They employ the Wason test, which prompts subjects to search for counterexamples to propositions of the form P→Q. Apparently, if people want to know whether P→Q and they know P, they readily check whether Q. They are far less apt to check whether P if they know not-Q, typically doing so in less than a third of cases. For instance, when asked to check whether some condition is an invariable symptom of a disease, they readily check whether people with the disease have the symptom. But they far less often check whether people who lack the symptom have the disease.

The numbers are already striking. But even more striking is that when P and Q suggest the possibility of cheating, more than two-thirds, often around 75%, do check for P if they know not-Q (84). For instance, subjects were tasked with finding out whether teenagers broke the rule if you borrow my car then you have to fill up the tank with gas; when informed that the tank had not been filled, 76% checked whether the car had been borrowed. This is a localized effect, found even when the rules are personally irrelevant (if a man eats cassava root, he must have a tattoo on his face).

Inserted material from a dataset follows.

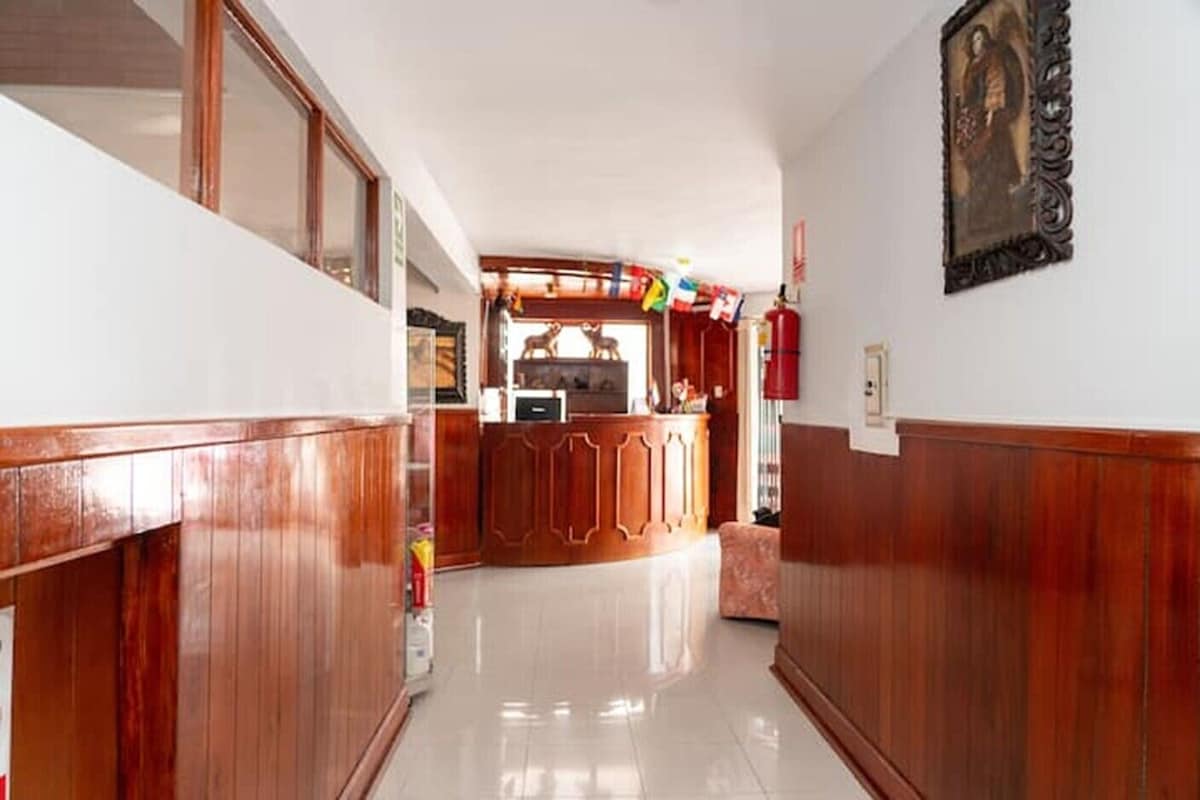 A hallway with wooden paneling, a reception desk, and a framed picture on the wall.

A brief methodological digression. The Wason test involves searching for counterexamples to P→Q. Some have suggested that this undercuts Cosmides and Tooby's case, since they are not actually asking subjects to search for counterexamples to conditional rules. A counterexample to the borrowing the car rule would be a case in which you borrow my car and don't have to fill up the tank with gas. Subjects are not asked to look for cases that counterexample the rule (i.e., so there isn't even a universal rule) but for cases that violate the rule. But although this is an unfortunate unclarity, it isn't a deep problem. Searching for violations of a rule does involve searching for counterexamples to a conditional -- it just isn't the deontic conditional which expresses the rule. Rather, it's the conditional that we may not make false if we are to abide by the rule -- for example, if you borrow my car then you fill up the tank with gas. That is the conditional to which subjects are looking for counterexamples. Thus, the difference is merely that, when the experiment involves a rule, the conditional to which subjects are looking for a counterexample is not the one Cosmides and Tooby explicitly present, whereas in non-rule cases they do explicitly present it. Nevertheless, both cases involve a search for counterexamples to a conditional. The fact that subjects do tend to check whether someone borrowed the car, if informed that that person didn't fill up the tank, is thus striking in just the way Cosmides and Tooby say.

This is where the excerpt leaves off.